In the ballroom at Claridge’s, the five-star hotel in London’s wealthy Mayfair district, over 100 investors listened on April 29 to Khosrowshahi and CFO Nelson Chai talk about the company’s plans to expand their food delivery business and venture into other new business areas like shopping.
Uber is trying to show investors that it can shift from being simply a ride-hailing service to a technology platform for services ranging from delivering groceries and takeaway meals to organizing freight transportation.
“While they didn’t call themselves Amazon, they made several references to their platform and how they intend to build that out,” said one investor who attended the hour-long presentation but declined to be named.
Uber reported on April 26 that it was aiming for a valuation of between $80.5 billion and $91.5 billion, less than the $120 billion investment bankers told the company last year it could fetch.
It also disclosed that it made a loss of around $1 billion on sales of roughly $3 billion in the first quarter of 2019.
The lower valuation comes after the poor performance of smaller rival Lyft Inc, whose shares are down around 20 percent from when the company listed last month.
After widespread media coverage of Lyft’s IPO marketing, Uber appears to be aiming for a more discreet roadshow. Investors were not told the presentation’s venue until around three hours before it began, and attendees all had to show government-issued identification before being granted admission with media firmly barred.
A second investor who also declined to be named complained that the event was relatively brief, saying they didn’t have a chance to ask many questions.
A source working on the roadshow said the presentation—the only one for investors outside of the U.S.—lasted only around 10 minutes, with another 50 spent on questions and answers.
As well as growth and cost-control, several questions focused on the company’s culture and business practices following a string of embarrassing scandals.
Those have included sexual harassment allegations, a massive data breach that was concealed from regulators, use of illicit software to evade authorities and allegations of bribery overseas.
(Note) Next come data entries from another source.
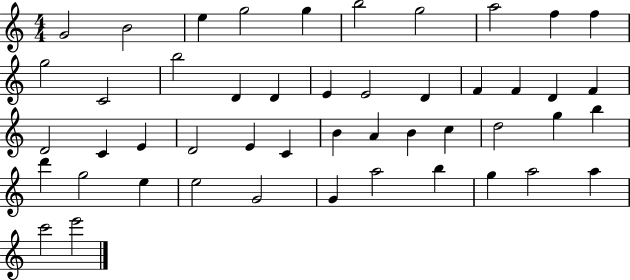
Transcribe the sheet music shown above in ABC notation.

X:1
T:Untitled
M:4/4
L:1/4
K:C
G2 B2 e g2 g b2 g2 a2 f f g2 C2 b2 D D E E2 D F F D F D2 C E D2 E C B A B c d2 g b d' g2 e e2 G2 G a2 b g a2 a c'2 e'2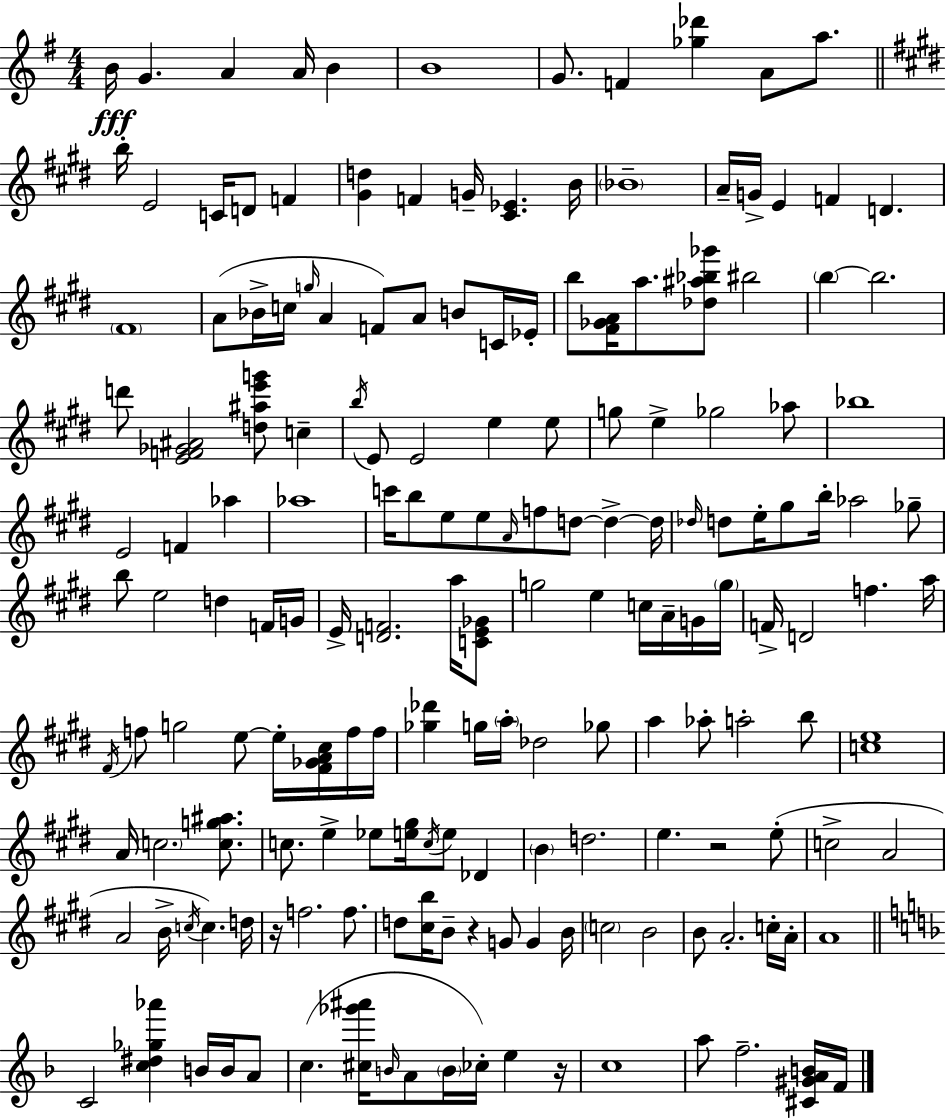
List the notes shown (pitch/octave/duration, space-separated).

B4/s G4/q. A4/q A4/s B4/q B4/w G4/e. F4/q [Gb5,Db6]/q A4/e A5/e. B5/s E4/h C4/s D4/e F4/q [G#4,D5]/q F4/q G4/s [C#4,Eb4]/q. B4/s Bb4/w A4/s G4/s E4/q F4/q D4/q. F#4/w A4/e Bb4/s C5/s G5/s A4/q F4/e A4/e B4/e C4/s Eb4/s B5/e [F#4,Gb4,A4]/s A5/e. [Db5,A#5,Bb5,Gb6]/e BIS5/h B5/q B5/h. D6/e [E4,F4,Gb4,A#4]/h [D5,A#5,E6,G6]/e C5/q B5/s E4/e E4/h E5/q E5/e G5/e E5/q Gb5/h Ab5/e Bb5/w E4/h F4/q Ab5/q Ab5/w C6/s B5/e E5/e E5/e A4/s F5/e D5/e D5/q D5/s Db5/s D5/e E5/s G#5/e B5/s Ab5/h Gb5/e B5/e E5/h D5/q F4/s G4/s E4/s [D4,F4]/h. A5/s [C4,E4,Gb4]/e G5/h E5/q C5/s A4/s G4/s G5/s F4/s D4/h F5/q. A5/s F#4/s F5/e G5/h E5/e E5/s [F#4,Gb4,A4,C#5]/s F5/s F5/s [Gb5,Db6]/q G5/s A5/s Db5/h Gb5/e A5/q Ab5/e A5/h B5/e [C5,E5]/w A4/s C5/h. [C5,G5,A#5]/e. C5/e. E5/q Eb5/e [E5,G#5]/s C5/s E5/e Db4/q B4/q D5/h. E5/q. R/h E5/e C5/h A4/h A4/h B4/s C5/s C5/q. D5/s R/s F5/h. F5/e. D5/e [C#5,B5]/s B4/e R/q G4/e G4/q B4/s C5/h B4/h B4/e A4/h. C5/s A4/s A4/w C4/h [C5,D#5,Gb5,Ab6]/q B4/s B4/s A4/e C5/q. [C#5,Gb6,A#6]/s B4/s A4/e B4/s CES5/s E5/q R/s C5/w A5/e F5/h. [C#4,G#4,A4,B4]/s F4/s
In London, the transport authority refused to renew Uber’s license in September 2017 citing safety concerns, though it was granted a 15-month probationary operating license last June, telling a court it had improved its procedures.
“The CEO was very impressive and their governance is much better now, they’ve done so much in a short space of time,” said the first investor. Khosrowshahi took the role in Aug. 2017, succeeding co-founder Travis Kalanick.
The Uber IPO, which is expected to price on May 9 according to people familiar with the matter, would rank as the largest in the United States since that of Chinese e-commerce giant Alibaba Group Holding Ltd in 2014.
The Uber IPO is being led by Morgan Stanley, Goldman Sachs & Co and Bank Of America Merrill Lynch.